In September 2016, the California Attorney General filed a lawsuit in federal court to compel the U.S. Army Corps of Engineers (Corps) to implement its San Francisco Bay operation and maintenance dredging program in a manner required by the federal Coastal Zone Management Act (CZMA).  The CZMA requires the Corps’ dredging program to be consistent “to the maximum extent practicable” with the Commission’s federally-approved coastal management program, which includes the San Francisco Bay Plan.  The lawsuit involves the Corps’ refusal to comply with certain conditions imposed by the Commission that require the Corps to: (1) increase beneficial reuse of dredged sediment to create and bolster marshes and wetlands, and also decrease unconfined in-Bay disposal of such sediment; and (2) reduce the use of hydraulic dredges to only one in-Bay channel per year to protect the Bay’s endangered fish species and water quality.  In April 2017, the Court granted San Francisco Baykeeper’s motion to intervene in the case.

On November 4, 2018, the United States District Court issued an order denying the Commission’s and Baykeeper’s joint motion for summary judgment and granting the Corps’ motion for summary judgment. 

In brief, on the condition imposed by the Commission (and by the San Francisco Bay Regional Water Quality Control Board) requiring the Corps to reduce hydraulic dredging to protect endangered fish species and water quality, the Court found that the Commission could not show that the Corps has any obligation to dredge both the Richmond Outer and Pinole Shoal Channels on an annual basis.  On the condition imposed by the Commission requiring the Corps to beneficially reuse a minimum of 40% of the dredged sediment and reduce in-Bay disposal, the Court found that that the “generalized policy statements” in the Bay Plan dredging policies did not “embody requirements that may be enforced against the Corps.” 

The Court’s order then directed the parties to submit a statement reflecting their respective understandings as to whether any issues remain for disposition.
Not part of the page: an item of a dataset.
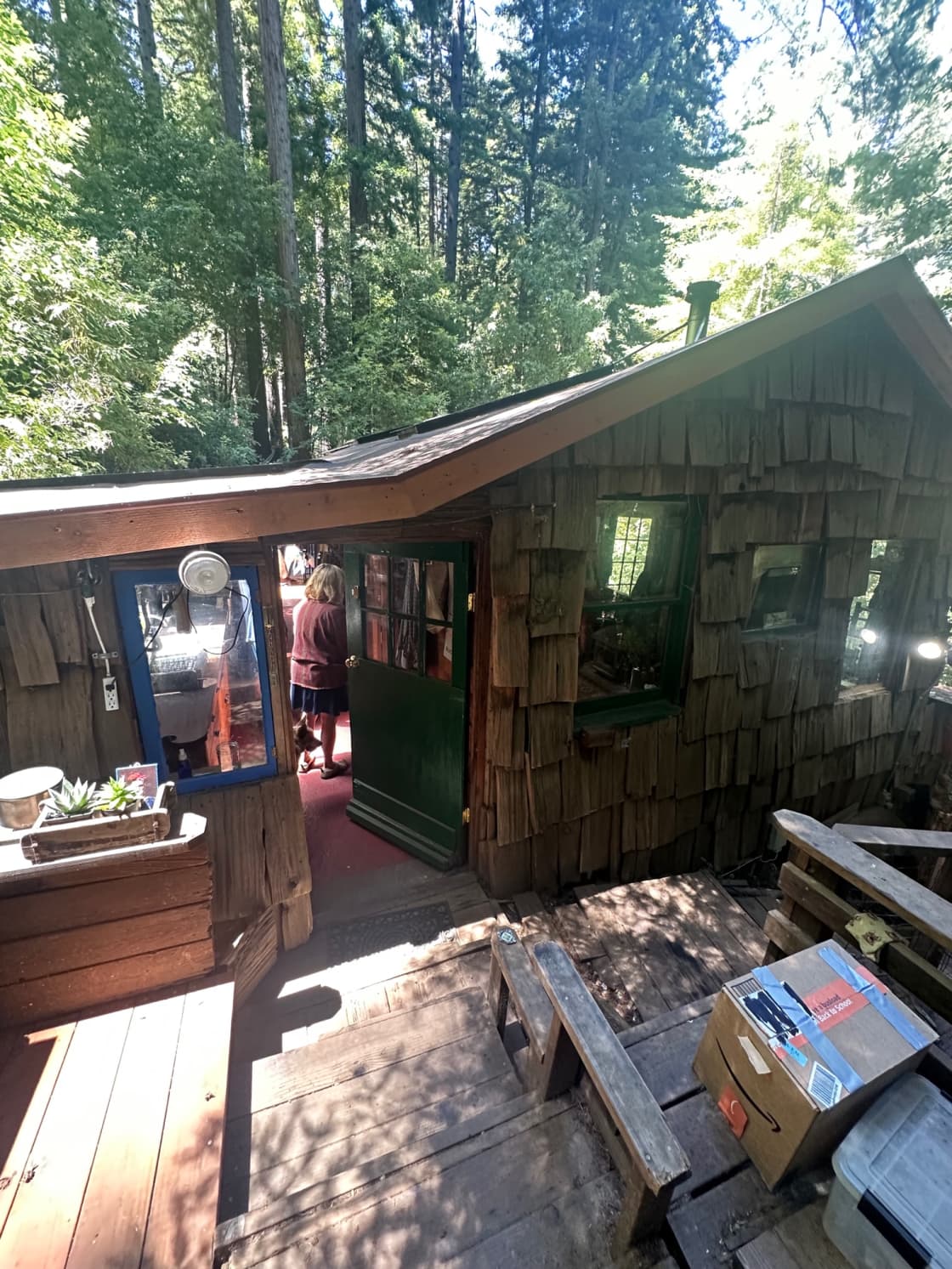 Enchanted Off-Grid Redwood Cabins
The parties filed their “Joint Statement Regarding Remaining Issues to Be Decided in the Case” on December 8, 2019.  Among other issues the Commission and Baykeeper believe remain to be decided is the threshold question of whether the Corps’ interpretation of its Federal Standard regulation violates provisions of the: (1) Clean Water Act that require the Corps to comply with State water quality standards; and, (2) Coastal Zone Management Act and its regulations that require the Corps to fully implement State CZMA conditions, including seeking additional funding if necessary, unless the Corps is legally prohibited from doing so.  In contrast, the Corps’ position is that no issues remain undecided.

The Commission anticipates that the Court will respond to the parties’ joint statement regarding remaining issues to be decided, possibly by issuing a supplemental order, prior to entry of final judgment in the District Court. 

San Francisco Bay Conservation and Development Commission v. United States Army Corps of Engineers, N.D. Cal. Case No. 3:16-cv-05420-RS.